'Hezbollah plans to strike Israel on Judgment Day': Israeli media
The Israeli Walla website indicates in a report that Hezbollah's military strength was not damaged but has grown in recent years.
Israeli Walla website speculated that the Hassan drone, which hovered over occupied Palestine on Friday departing from Lebanon, is part of a "secret plan by Hezbollah and Iran" to build an air force composed of a wide range of unmanned aerial vehicles (UAV) that will be used on what Walla described as "Judgment Day" against sensitive sites across "Israel and cause damage."
Walla continued to say that such a plan has the potential to damage the "superiority of the Israeli Air Force."
The website quoted a report by the Israeli Alma Institute - Educational Research Center for Security Challenges, saying that "Hezbollah's unmanned aerial vehicles [arsenal] includes 2,000 items." It adds that the Lebanese party "has dozens of skimmers [quadcopters] made in China, some of which are used for photography and intelligence gathering missions and some for attack missions."
According to Israeli security sources quoted by Walla, Hezbollah's power-building relies not only on funding but on the accumulated knowledge of the Iranian defense industries.
The security sources in question refused to comment about what Hezbollah Secretary-General Sayyed Hassan Nasrallah revealed the other day about the Lebanese party's ability to manufacture drones on Lebanese soil.
According to a report by the Alma Institute, Hezbollah's prominent UAVs, namely Ayyoub, were inspired by the Israeli Hermes 450 UAV that fell in Beirut in 2006. The report continues saying another UAV is Mirsad 2 which is based on the Iranian Mujahr UAV. Another drone that the report talked about is Hezbollah's Ababil, a drone unveiled in 2006 and has since undergone advanced upgrades and models, while Rami 1 is a replica of the Iranian Raed 1.
The head of the research department of the Alma Center, Tal Barry, spoke to Walla about the building of Hezbollah's strength and the strategy of Hezbollah's Secretary-General Sayyed Hassan Nasrallah.
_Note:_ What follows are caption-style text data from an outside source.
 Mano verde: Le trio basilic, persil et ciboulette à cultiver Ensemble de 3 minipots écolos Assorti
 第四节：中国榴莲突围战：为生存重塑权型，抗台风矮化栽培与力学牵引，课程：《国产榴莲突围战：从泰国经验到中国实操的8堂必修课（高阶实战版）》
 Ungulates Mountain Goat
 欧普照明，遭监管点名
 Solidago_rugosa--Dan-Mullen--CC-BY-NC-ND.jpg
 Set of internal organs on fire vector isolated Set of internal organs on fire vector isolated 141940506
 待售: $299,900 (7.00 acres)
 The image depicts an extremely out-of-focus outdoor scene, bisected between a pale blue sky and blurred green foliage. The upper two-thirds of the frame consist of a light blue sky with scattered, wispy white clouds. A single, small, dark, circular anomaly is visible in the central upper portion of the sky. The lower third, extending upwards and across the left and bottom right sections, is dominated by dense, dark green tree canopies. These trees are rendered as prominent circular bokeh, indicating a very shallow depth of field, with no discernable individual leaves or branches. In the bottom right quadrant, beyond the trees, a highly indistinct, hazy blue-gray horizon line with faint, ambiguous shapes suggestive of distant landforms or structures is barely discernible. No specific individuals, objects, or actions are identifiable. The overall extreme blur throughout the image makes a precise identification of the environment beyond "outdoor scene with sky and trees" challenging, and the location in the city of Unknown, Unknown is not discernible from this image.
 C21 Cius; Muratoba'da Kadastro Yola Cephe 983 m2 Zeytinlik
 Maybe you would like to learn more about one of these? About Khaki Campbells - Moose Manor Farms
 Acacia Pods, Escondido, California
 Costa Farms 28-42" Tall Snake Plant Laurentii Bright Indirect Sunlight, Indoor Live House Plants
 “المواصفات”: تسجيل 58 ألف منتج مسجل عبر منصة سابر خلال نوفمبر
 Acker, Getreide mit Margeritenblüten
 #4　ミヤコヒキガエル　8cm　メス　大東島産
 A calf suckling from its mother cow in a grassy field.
He said, "Hezbollah's military force building has not been damaged in recent years but has only intensified," adding, "We understand that the last decade can be put under the heading of Hezbollah's effort to increase the supply of advanced conventional weapons in the field of UAVs, air defense, precision missiles, and so on."
Hezbollah: Hassan UAV flew 70 km into occupied Palestine over 40 minutes
The Israeli Army Radio had announced that Hezbollah's drone entered Israeli airspace at 11:50, where it was immediately identified. After a few minutes, it disappeared from the radar, and its location remained unknown for two hours.
Israeli KAN Arab affairs correspondent said had the supersonic booms in the Beirut skies as a result of the Israeli fighter jets' actions been the "reaction" to Hezbollah's UAV, then a problematic equation was created there [for the Israeli occupation].
The Calcalist suggested that Hezbollah wanted to embarrass the Israeli occupation through the drone.
The newspaper "Yediot Aharonot" also said that the penetration of the Israeli airspace caused panic in the north after Israeli warplanes and helicopters rushed towards it, the Iron Dome was activated, and two sirens were heard in the area.
On Friday, the Islamic Resistance in Lebanon announced the launch of the "Hassan" drone inside the occupied Palestinian territories.
The Islamic Resistance in Lebanon announced Friday the launch of the UAV Hassan into the occupied Palestinian territories.
The resistance reported that the UAV went on a recon mission that lasted for 40 minutes and covered 70 km in occupied Palestine, adding that it returned "unharmed despite the Israeli occupation's repeated attempts to down it."
Hezbollah's secretary-general, Hassan Nasrallah has recently stated that "the Resistance has acquired the ability to convert thousands of missiles into precision-strike missiles," without the need to import them from the Islamic Republic of Iran.